This is generally a sign that the person you're working with is paying
directly from their own pocket, or the business is so small it feels like the
equivalent of paying out of their own pocket, even if it's not technically.

I've had _some_ mid sized clients that were still concerned about fee size -
and they were family-owned/run. I'm not suggesting people _shouldn 't_ be
concerned about a fee at all - they want to know they're getting more value
than they're shelling out. It's a valid concern, but should be just one of
many factors, and judging by hourly rate alone is a poor measuring stick (but
one which few people can get past).

#1 I had someone call me up frantic because their site was broken. I didn't
have the time to fix it right then, but _emailed back instructions_ on how to
fix it. I said "give this to your web team" (they _had_ at least 2 JS
developers on staff who had _created_ the bug in the first place), but 7 hours
later I got an even more frantic call to 'just fix it'.

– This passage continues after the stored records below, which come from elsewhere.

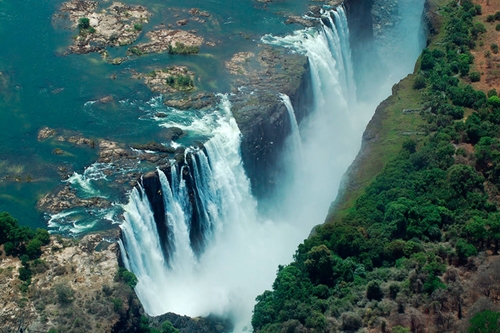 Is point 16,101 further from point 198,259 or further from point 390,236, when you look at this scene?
point 390,236

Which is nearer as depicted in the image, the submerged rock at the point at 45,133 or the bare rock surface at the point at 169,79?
the submerged rock at the point at 45,133

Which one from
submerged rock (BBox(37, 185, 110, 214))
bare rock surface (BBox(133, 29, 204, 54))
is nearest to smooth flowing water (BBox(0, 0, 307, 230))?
submerged rock (BBox(37, 185, 110, 214))

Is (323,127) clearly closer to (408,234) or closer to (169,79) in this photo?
(169,79)

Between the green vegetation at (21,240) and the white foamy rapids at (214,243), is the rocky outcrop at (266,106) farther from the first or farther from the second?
the green vegetation at (21,240)

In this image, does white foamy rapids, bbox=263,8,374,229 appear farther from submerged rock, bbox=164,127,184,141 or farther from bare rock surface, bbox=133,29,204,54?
submerged rock, bbox=164,127,184,141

I fixed it, sent an invoice for $200, and got back to my work in 15 minutes. I
got a check in the mail the next week. They didn't particularly care what the
price was. If I'd sent an invoice for $2k, possibly, but I probably could have
said $500 and it still would have been paid. It wasn't that person's money -
it was just a problem that needed to be solved, and there was money in the
budget to do it.

#2 - had a prospective client complain about their current dev/tech guy, who
kept fighting/arguing that some of the requested features couldn't be done,
because they're not possible or they'd be too slow. I did a demo in an hour
outlining exactly how to do it, what tech to use, how to set it up, and what
the code would look like. And still got pushback on my fee, because hourly I'm
about 6x what they're paying the other guy, but they only feel comfortable
paying 2-3x the current rate. And I'm trying to get across to them that while
I have an hourly (and daily, and weekly) rate, the bigger measure is - how
fast is stuff getting done. I've been tempted to offer a project quote, but
I've watched the project from afar for several months and it's felt like too
many pivots to be stable enough to provide a flat rate quote.

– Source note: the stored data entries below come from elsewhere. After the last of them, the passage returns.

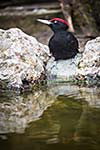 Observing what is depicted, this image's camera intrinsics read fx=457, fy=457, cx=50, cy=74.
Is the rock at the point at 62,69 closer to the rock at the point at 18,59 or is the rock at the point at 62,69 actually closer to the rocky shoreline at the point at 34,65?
the rocky shoreline at the point at 34,65

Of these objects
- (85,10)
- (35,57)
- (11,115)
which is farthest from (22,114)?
(85,10)

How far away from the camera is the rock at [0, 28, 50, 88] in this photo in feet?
25.1

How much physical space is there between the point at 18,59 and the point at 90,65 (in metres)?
1.25

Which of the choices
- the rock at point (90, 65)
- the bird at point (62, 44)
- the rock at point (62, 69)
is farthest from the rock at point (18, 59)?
the rock at point (90, 65)

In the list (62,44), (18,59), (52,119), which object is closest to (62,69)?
(62,44)

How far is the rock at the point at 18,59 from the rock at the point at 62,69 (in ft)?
0.54

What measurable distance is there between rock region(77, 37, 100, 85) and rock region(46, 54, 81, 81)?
0.16m

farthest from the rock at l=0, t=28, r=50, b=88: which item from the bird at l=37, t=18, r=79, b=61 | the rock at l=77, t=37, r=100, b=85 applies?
the rock at l=77, t=37, r=100, b=85

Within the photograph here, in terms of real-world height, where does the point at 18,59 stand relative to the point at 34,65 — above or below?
above

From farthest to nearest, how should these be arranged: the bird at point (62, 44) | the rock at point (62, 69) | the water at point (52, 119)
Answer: the bird at point (62, 44)
the rock at point (62, 69)
the water at point (52, 119)

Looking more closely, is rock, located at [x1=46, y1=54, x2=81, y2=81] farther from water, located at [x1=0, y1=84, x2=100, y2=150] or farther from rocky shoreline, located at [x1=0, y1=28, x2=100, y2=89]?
water, located at [x1=0, y1=84, x2=100, y2=150]

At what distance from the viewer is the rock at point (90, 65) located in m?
7.73

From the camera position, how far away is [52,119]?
19.4ft

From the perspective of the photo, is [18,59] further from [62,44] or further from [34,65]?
[62,44]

#1 didn't complain at all - provided value, they saved face with their client,
and I made $200 in 15 minutes.

#2 spending effectively their own money (or borrowed money) and are cautious
about every penny. Again, not that they shouldn't be, but it's much harder
dealing with this sort of client.

------
lesterbuck
The second and third issues are serious. I read the first issue, being
indecisive, as a cry for help from client to professional. After the first
scope change on the first day, I'd do my professional duty and inquire if they
might want to engage me to determine what they really needed, at 10% or
whatever of the estimated project cost. In fact, wouldn't this have been
obvious from discussions with the client before the freelancer's bid was
accepted? If we abdicate our responsibility to guide the customer to make good
choices using our skills and experience, then we often get indecisive clients.
Otherwise we are reduced to glorified order takers. For example, if we got the
RFP specs and are chatting with the client as we prepared our response, it is
perfectly valid to ask them how they arrived at these requirements. If they
tell us that they had engaged a brand consultant who laid out a multistep plan
that they were now executing on, that is one thing. If they tell us that they
decided to issue the RFP on the drive into work this morning, that's another.
Is it that hard to detect that major scope changes are in the offing before
submitting a proposal?

------
joering2
I would love to read what happened next: his resignation letter and her
response. Did she try to change the rules? Did he give her a reasonable list
of "why"? Did she ever get nasty with him. What happened next??

------
auctiontheory
Good points, but seemed a bit misogynistic. Maybe it was the pictures.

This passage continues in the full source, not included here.